Source: https://www.maine.gov/pfr/consumercredit/advisory_rulings/Caar1.htm
Timestamp: 2018-05-26 23:44:23
Document Index: 200934920

Matched Legal Cases: ['§ 571', '§ 571', '§ 571', '§ 572', '§ 572', '§ 1692']

You have asked for an Advisory Ruling from this Bureau concerning the interpretation of the type of entity which must have a license pursuant to the Collection Agency Law, 32 M.R.S.A., § 571 et seq. You have described the following fact pattern: Your client is a municipality which processes applications for a federal program that provides low interest loans for rehabilitation of private residences. The loan and mortgage is executed in favor of the United States of America and the Department of Housing and Urban Development in turn assigns the administration of the loan to a supervised lender, but not your client. You are now being asked by the Department of Housing and Urban Development to participate in a more active way in seeking collection of loans made pursuant to this program when delinquencies occur. You are contacting debtors to remind them to bring payments up to date, assisting and working out repayment schedules in hardship cases, advising people that certain legal penalties will occur, such as foreclosure, if late payments are not brought current. You asked whether or not your client must obtain a license to engage in this type of activity pursuant to the Collection Agency Law.
32 M.R.S.A., § 571, subsection 1, defines "collection agency" to include "any person conducting business in the state, the principal purpose of which is the collection of any debts, or who regularly collects or attempts to collect, directly or indirectly, debts owed or due another." By using the terms "principal purpose" and "regularly collects," the statute allows this Bureau to make a distinction between an organization or an individual which engages in the debt collection activity as an incident to other regular business not normally related to that of a debt collection agency. In the case of your client, a municipality, clearly the kind and level of activity you have described does not constitute a principal or regular activity. Therefore, while the Bureau has never adopted a numerical standard to determine the degree of activity necessary to trigger the licensing requirement, we will analyze cases such as yours on an individual basis.
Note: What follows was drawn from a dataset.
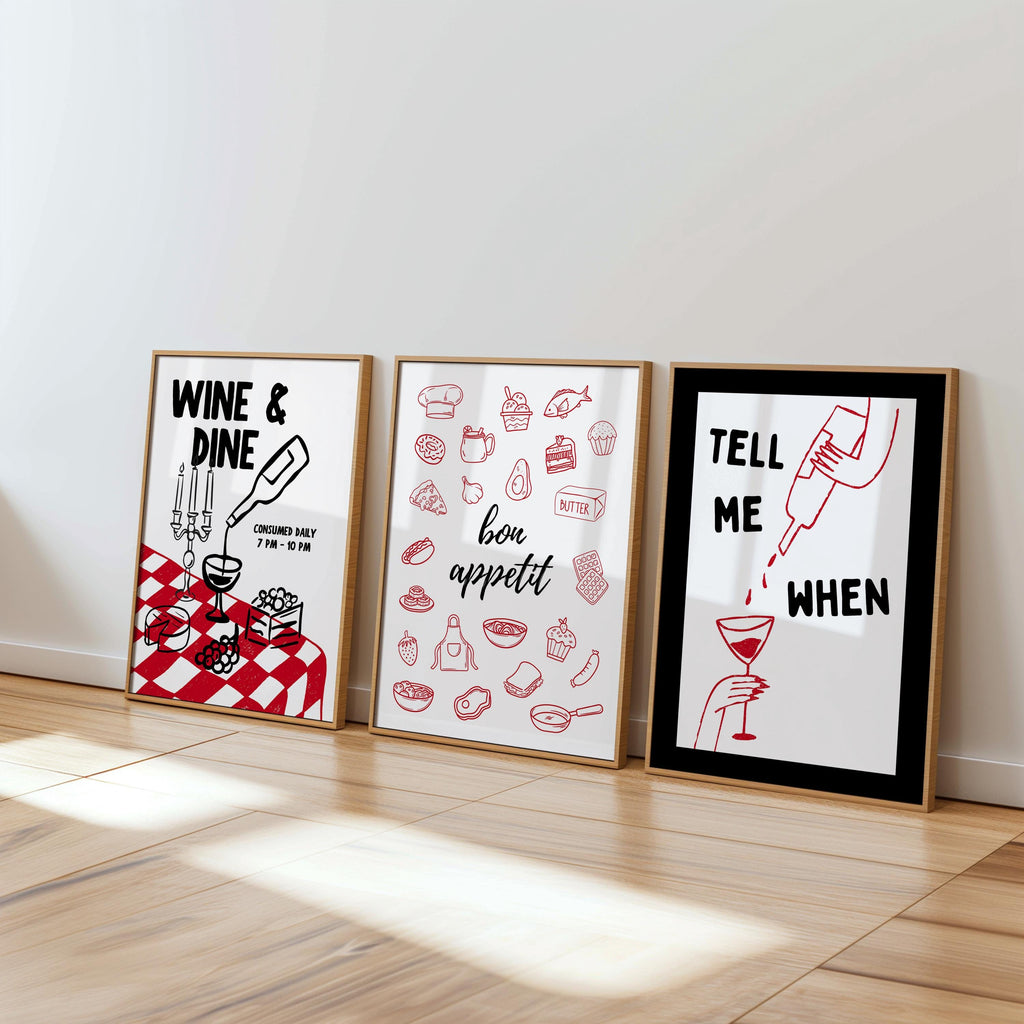Kitchen Wall Art Set of 6, Wine & Pasta Prints, Happy Hour Poster Bundle, Red Black Minimal Kitchen Decor, Dining Room Gallery Wall Art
In addition to the regularly engaged test of § 571, subsection 1, the exclusion of § 572 is relevant and confirms our decision that licensing is not required in this instance. § 572 excludes from the licensing requirement those persons whose collection activities are "confined to and are directly related to the operation of a business other than that of a collection agency..." This exclusion is similar to that of the Federal Fair Debt Collection Practices Act, 15 U.S.C., § 1692, et seq., which excludes persons who are collecting their own debts. Although your client is not, in this instance, collecting its own debts, it does have a relationship to the debt in question in that it processes applications for the loans and oversees technical compliance with the resulting rehabilitation project. In addition, it should be noted that your client will not receive any payment for the services it is rendering in the debt collection process.
In conclusion, the Bureau has determined that your client is not in the business of collecting debts for others and is not subject to the licensing requirements of the Collection Agency Law. This Advisory Ruling is limited to the facts as you presented in your letter of February 10, 1982, and a subsequent telephone conversation on February 17, 1982.